● Your assignment: Exactly the lines from the one with "image for item" through the end of the records below are needed, minus any pictures.

● Material for this exercise:
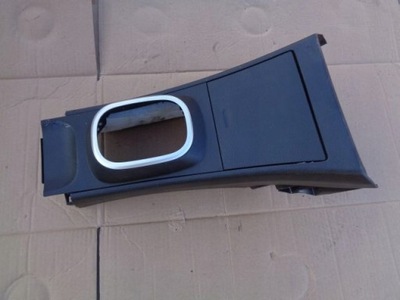 Nissan tiida тунель середній рамка фото №1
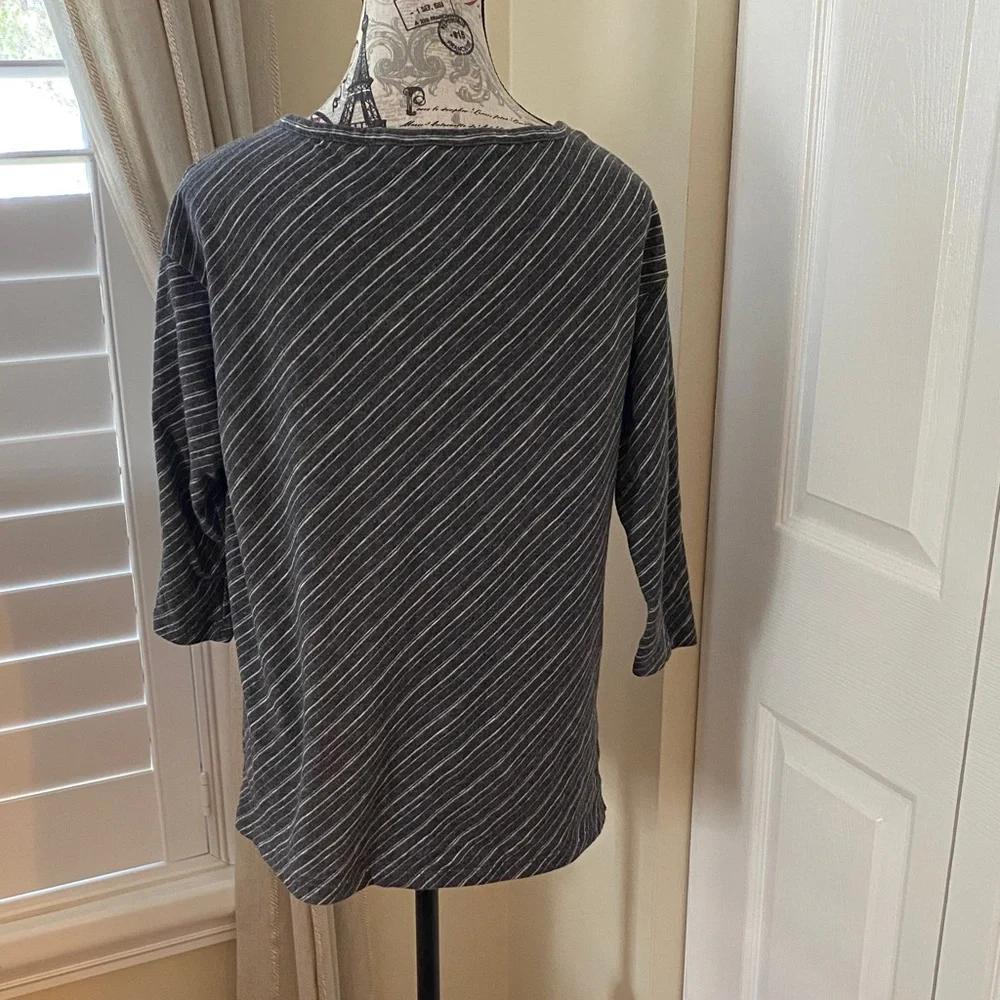 Tommy Bahama Striped 3/4 Sleeve Top XS Gray Black Casual Soft Stretch Tee - Picture 5 of 8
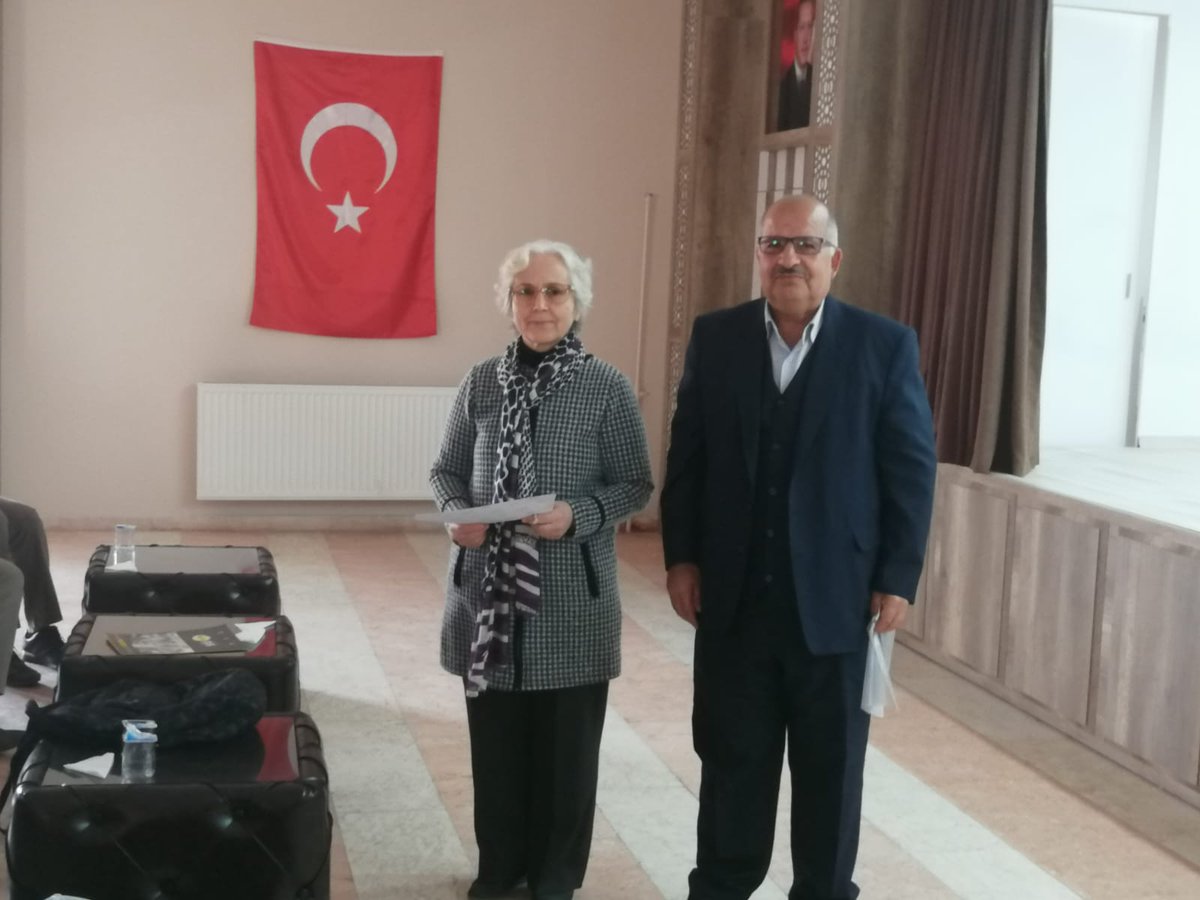IhoTillo's tweet photo. 2021 UNESCO tarafından Ahi Evran, Yunus Emre ve Hacı Bektaş Veli yılı edilmiştir, gelen konuşmacılar öğrencilerimize inanç, ahlak, hoşgörü hakkında konuşmalar yaptılar. https://t.co/M1b6AgNuDb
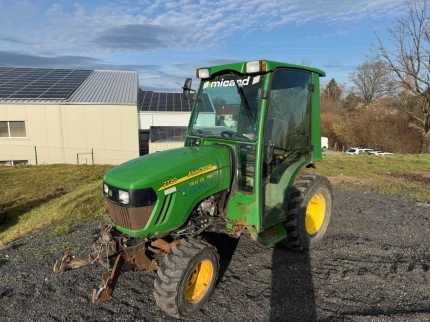 Tracteur agricole - 31CH - 2009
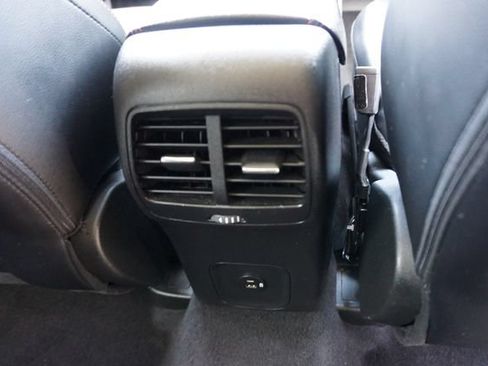 Certified 2022 Ford Escape SEL w/ SEL Stealth AWD Package image 26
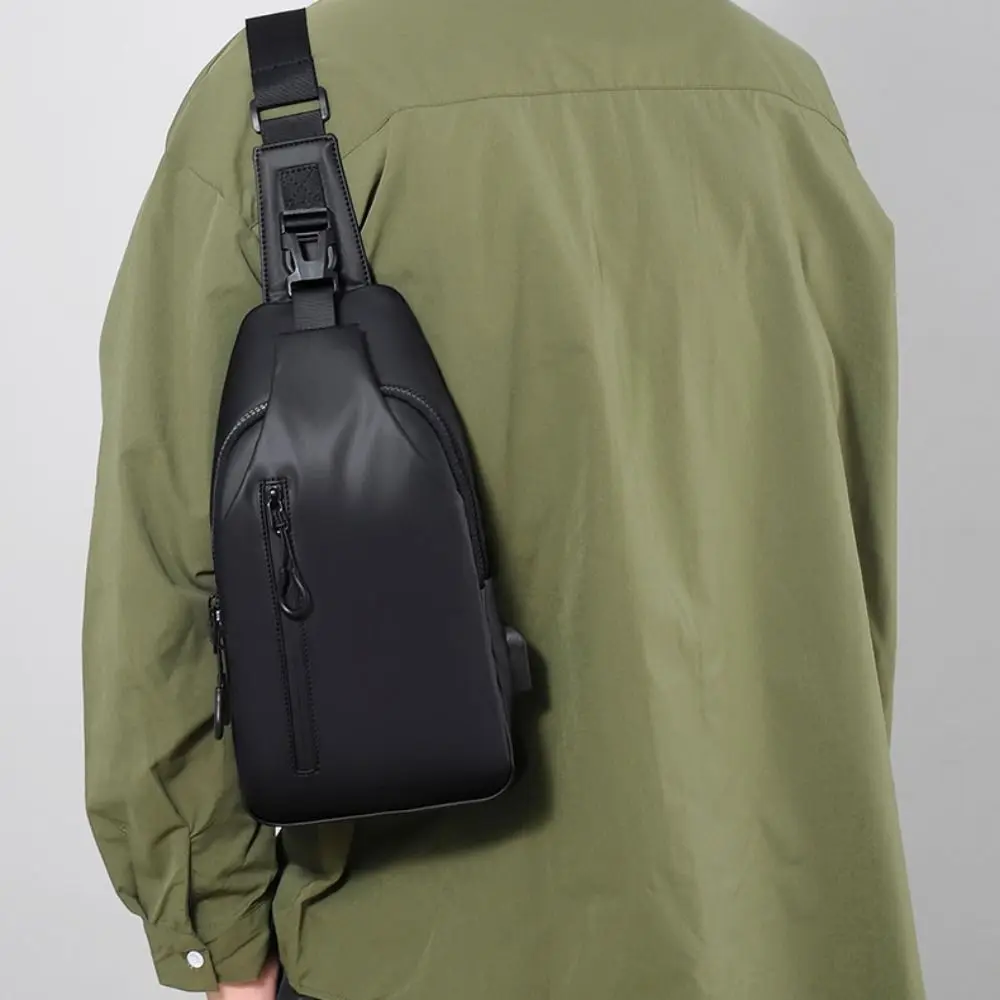 

Multi-functional Men's Chest Bag Large Capacity Adjustable Strap Outdoor Crossbody Bag Usb Charging Oxford Cloth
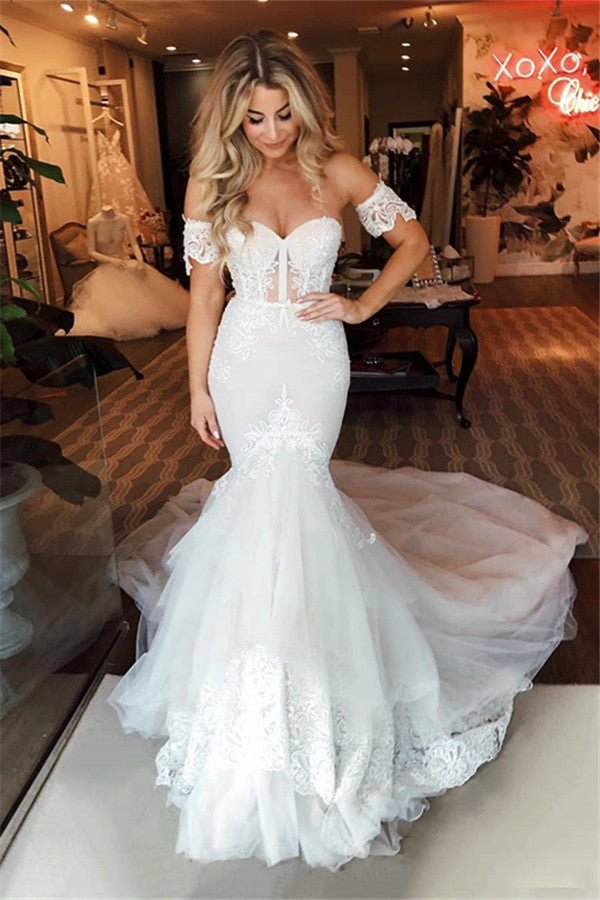 Off-the-shoulder Puffy Tulle Wedding Dresses | Mermaid Appliques Sweep Train Bridal Gowns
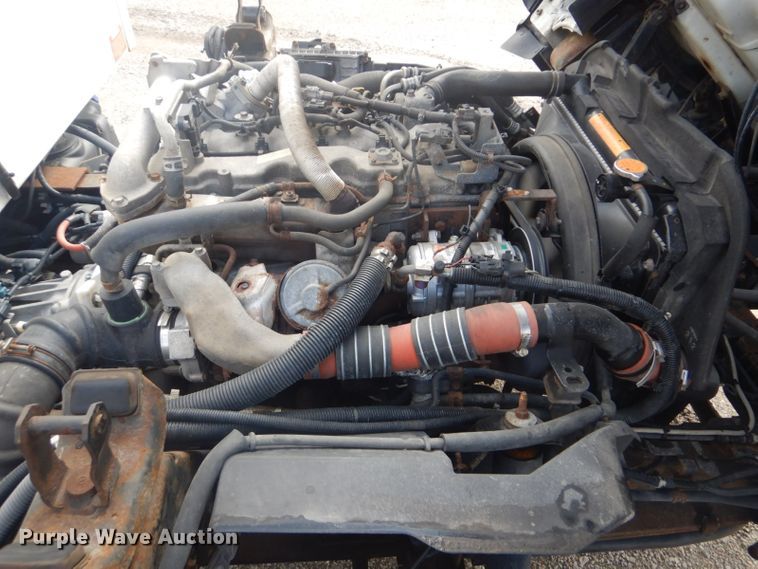 image for item GF9041 2012 Isuzu NPR refrigerated delivery truck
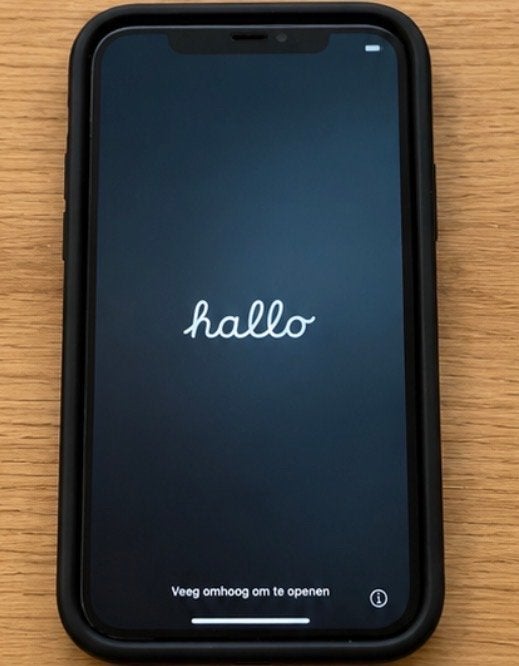 iPhone 11 64GB Zwart - Goed Functionerend met Nieuw Scherm, Telecommunicatie, Mobiele telefoons | Apple iPhone, Gebruikt, Zwart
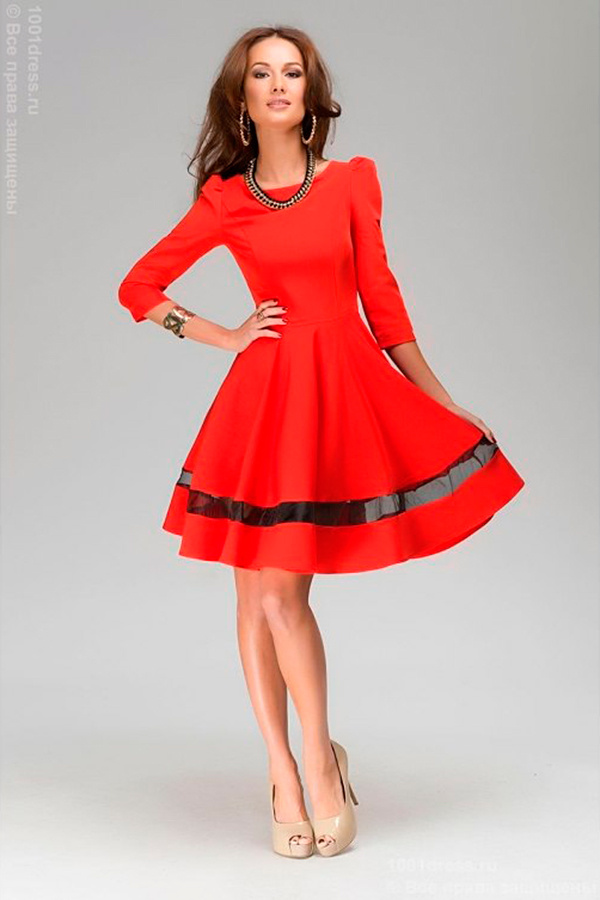 Красное платье мини с рукавом 3/4 и вставкой-сеткой прекрасно подойдет для любого случая, а его яркий и насыщенный оттенок точно не оставит вас незамеченной! <price><nobr>2900 руб.</nobr></price>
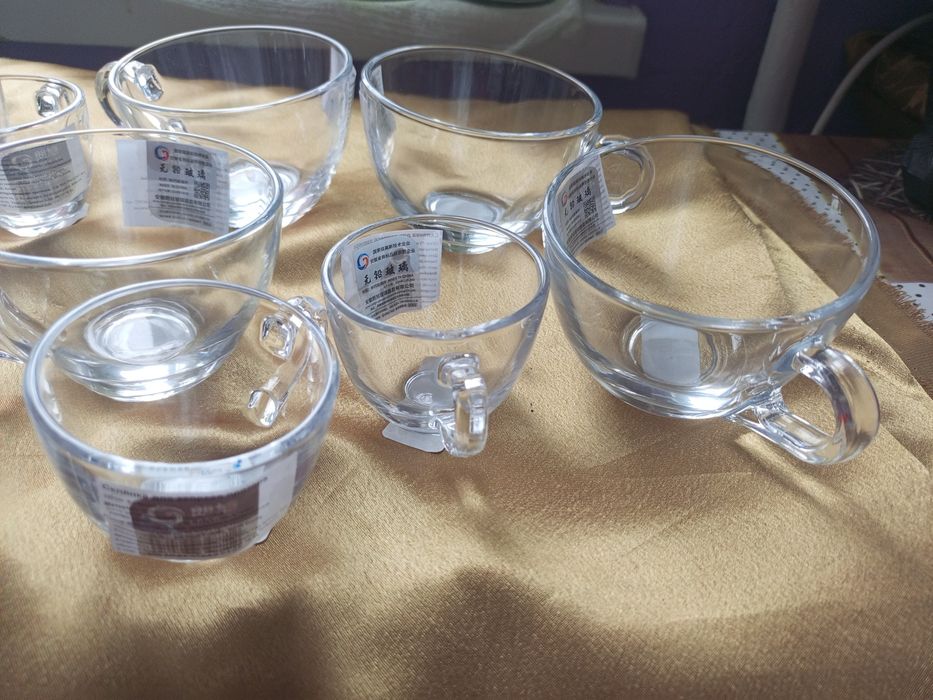 Чайние і кофейние чашкі.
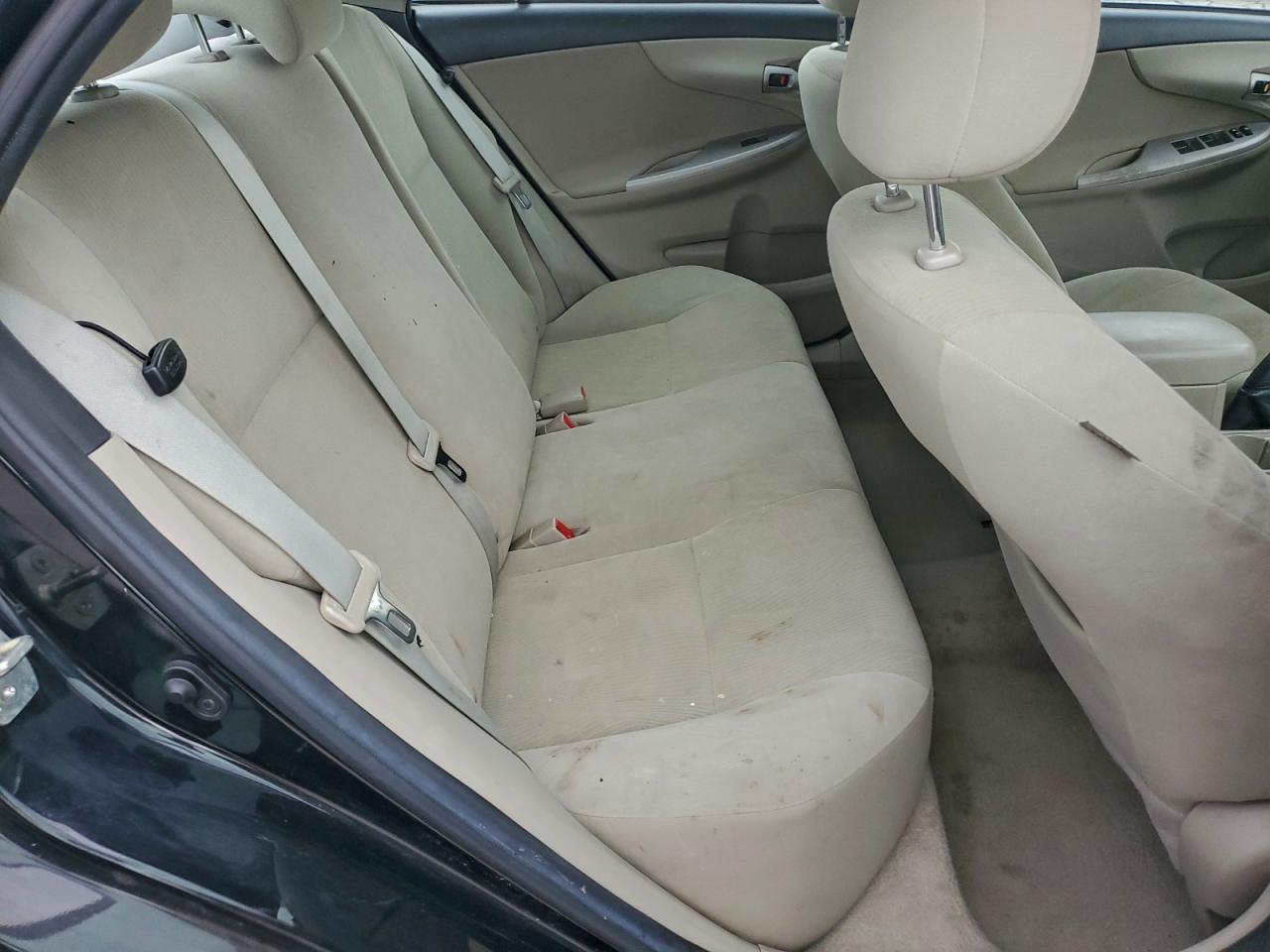 Toyota Corolla Base Image 12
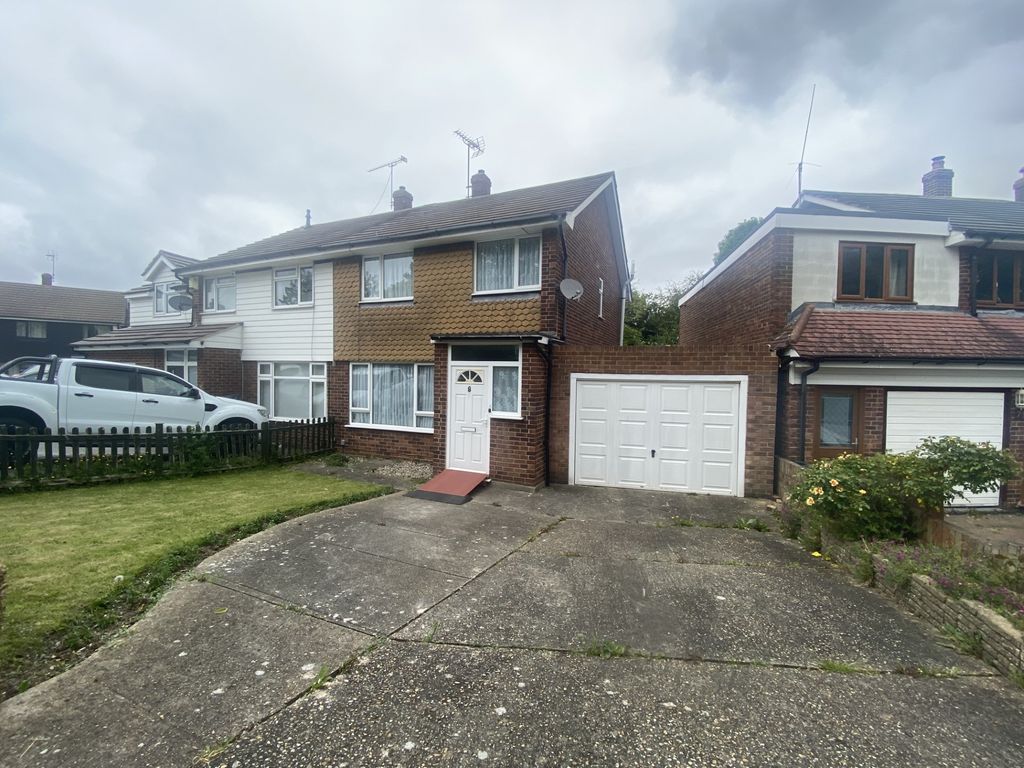 3 bed semidetached house for sale in Rowland Close, Gillingham, Kent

● Answer to this task:
 image for item GF9041 2012 Isuzu NPR refrigerated delivery truck
 iPhone 11 64GB Zwart - Goed Functionerend met Nieuw Scherm, Telecommunicatie, Mobiele telefoons | Apple iPhone, Gebruikt, Zwart
 Красное платье мини с рукавом 3/4 и вставкой-сеткой прекрасно подойдет для любого случая, а его яркий и насыщенный оттенок точно не оставит вас незамеченной! <price><nobr>2900 руб.</nobr></price>
 Чайние і кофейние чашкі.
 Toyota Corolla Base Image 12
 3 bed semidetached house for sale in Rowland Close, Gillingham, Kent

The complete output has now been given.